Segment Start: SUPPLIED MATERIAL
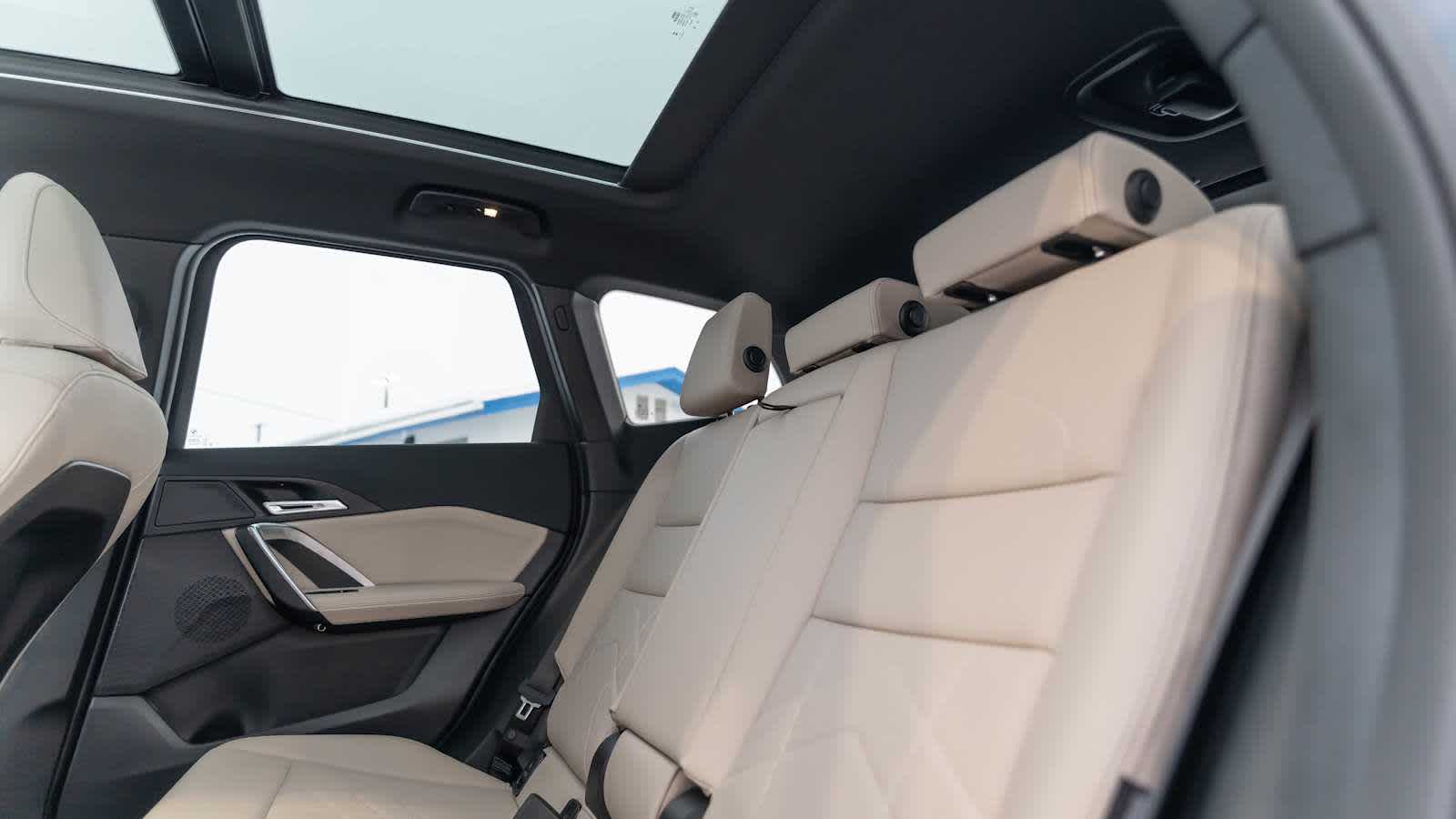 Thumbnail: 2025 BMW X1 - 38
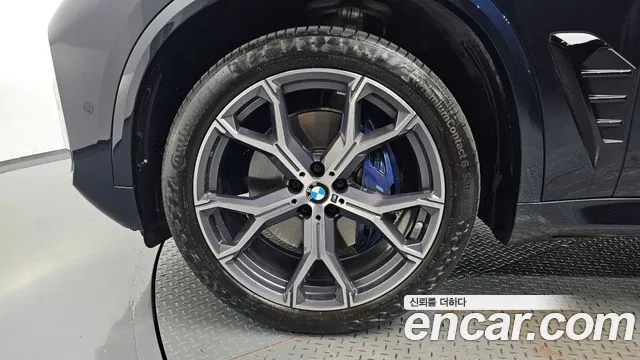 BMW X5 xDrive 40i M Sport — Фото автомобиля 3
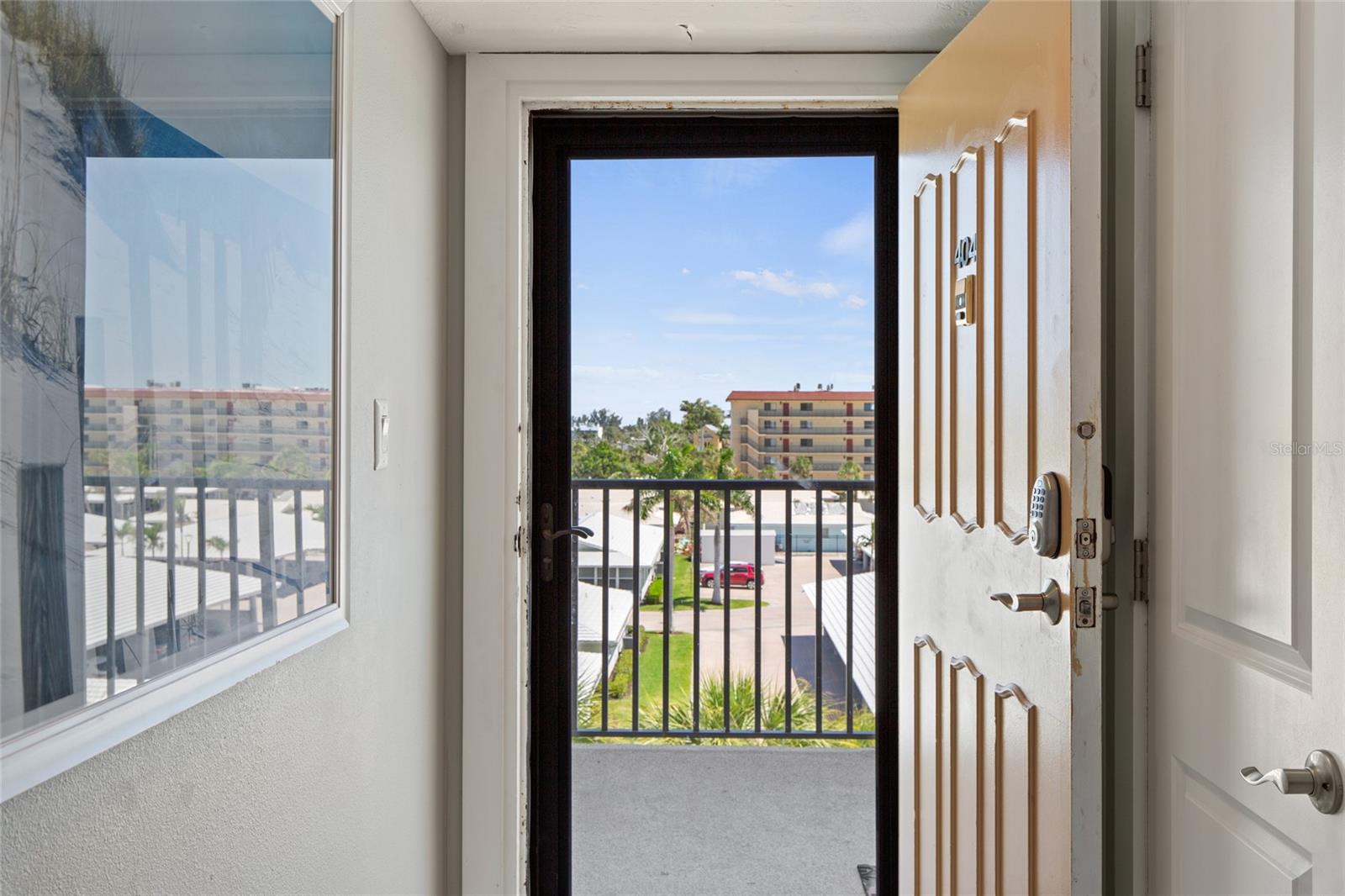 Image 8 of 69 For 6266 Midnight Pass Road 404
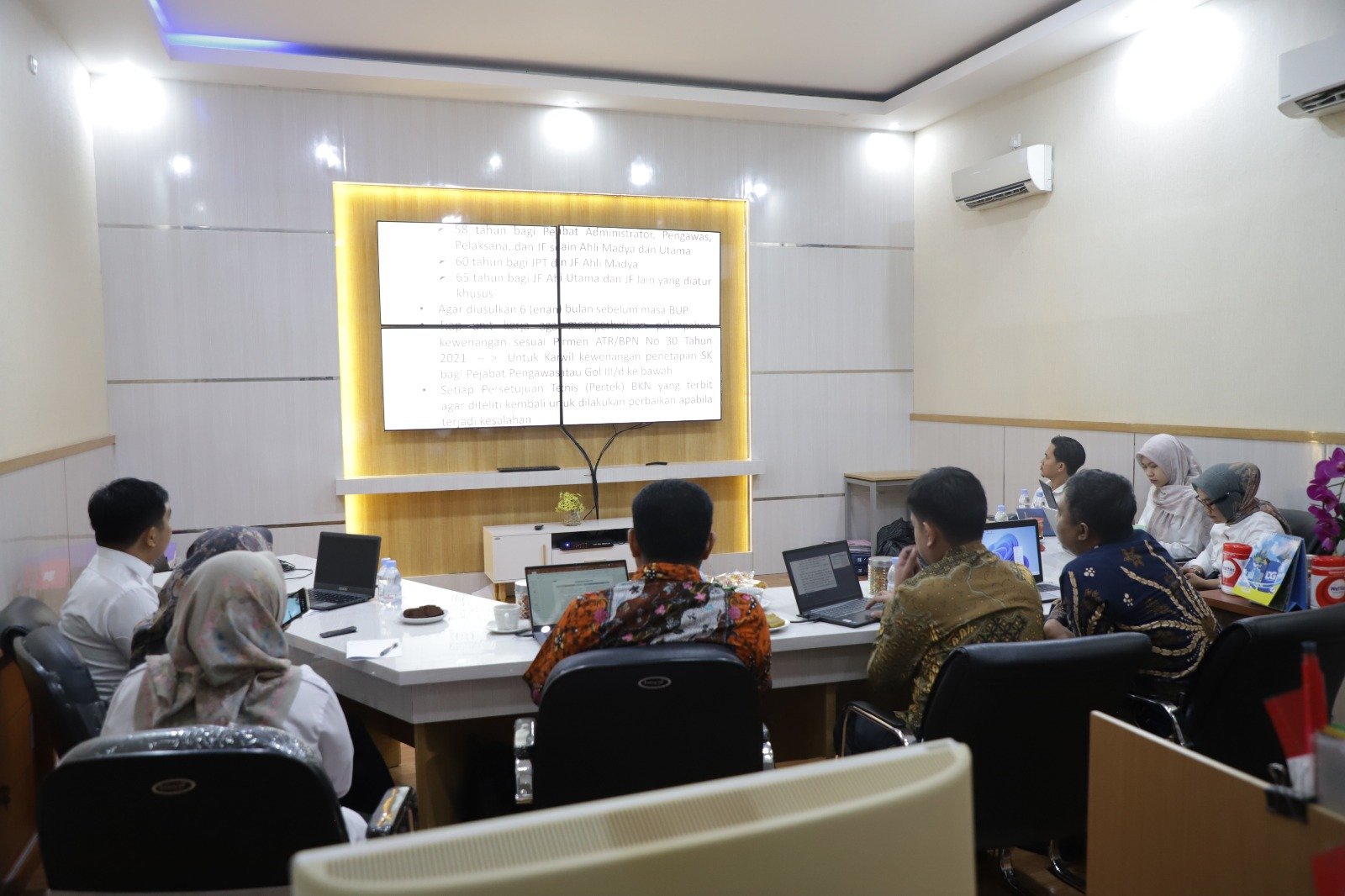 Biro Sumber Daya Manusia Kementerian ATR/BPN Sosialisasikan Pengelolaan Layanan Mutasi Kepegawaian di Kanwil BPN Provinsi Kaltim PROKALTIM 1 WhatsApp Image 2026 09 02 at 17.18.55 Biro Sumber Daya Manusia Kementerian ATR/BPN Sosialisasikan Pengelolaan Layanan Mutasi Kepegawaian di Kanwil BPN Provinsi Kaltim PROKALTIM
Segment End: SUPPLIED MATERIAL
ACTIVITY ->
Go through the listing above and retype it exactly, skipping every picture.

RESPONSE BOX ->
 Thumbnail: 2025 BMW X1 - 38
 BMW X5 xDrive 40i M Sport — Фото автомобиля 3
 Image 8 of 69 For 6266 Midnight Pass Road 404
 Biro Sumber Daya Manusia Kementerian ATR/BPN Sosialisasikan Pengelolaan Layanan Mutasi Kepegawaian di Kanwil BPN Provinsi Kaltim PROKALTIM 1 WhatsApp Image 2026 09 02 at 17.18.55 Biro Sumber Daya Manusia Kementerian ATR/BPN Sosialisasikan Pengelolaan Layanan Mutasi Kepegawaian di Kanwil BPN Provinsi Kaltim PROKALTIM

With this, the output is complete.